Psychosis following substance use usually improves in the absence of active use, but some symptoms may persist, either in terms of apathy and social isolation, or in terms of lower threshold to aggressive and disruptive behavior, which was not documented before the involvement into drug use. Former substance users then may become actual psychotic patients, schizoid-like negative syndromes, or subjects with impulse-control disturbance, as an effect of repeated exposure to stimulants like methamphetamine or cannabinoids. These kinds of psychoses cannot be considered as “drug-related” as long as active use is not enduring, but must be considered drug-related as far as this category indicates a difference in pathophysiology and response to treatment [6].
In some cases, multiple addictions, too, are seen as dual diagnosis (dual addiction), without accounting for a possible common pathway and cross-relapsing between different patterns of substance abuse. Recent data support, for instance, the continuity between alcoholism and heroin addiction for some subjects, which start as drinkers, proceed as heroin addicts with possible concurrent alcohol abuse, and eventually display as pure alcoholics with possible residual heroin use.

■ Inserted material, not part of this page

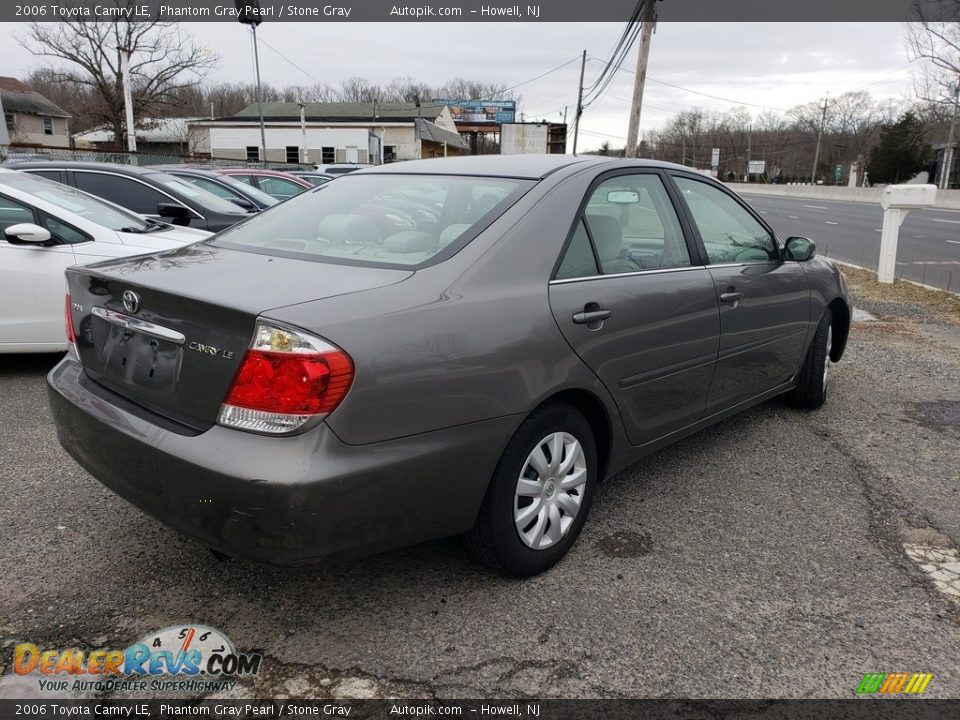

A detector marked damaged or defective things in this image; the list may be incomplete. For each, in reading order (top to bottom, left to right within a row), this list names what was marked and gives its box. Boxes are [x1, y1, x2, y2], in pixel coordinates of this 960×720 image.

pothole [592, 528, 652, 556]
pothole [904, 544, 956, 604]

To conclude, clinical pictures should be reclassified according to the autonomy of their course, and regardless of chronology with respect to substance use. Syndromes following substance use may be “new” and independent illnesses, although their origin roots in exposure to substances of abuse. On the other hand, major psychiatric syndromes accompanying substance intoxication should not be automatically classified aside of substance intoxication, just because they “resemble” some otherwise know clinical picture. In other words, knowledge into the psychiatric syndromes due to intoxication should be improved and deepened, while the concept of dual diagnosis should be extended to any syndrome that runs parallel with addiction, regardless of chronology, and thus including persistent syndromes following drug-exposure.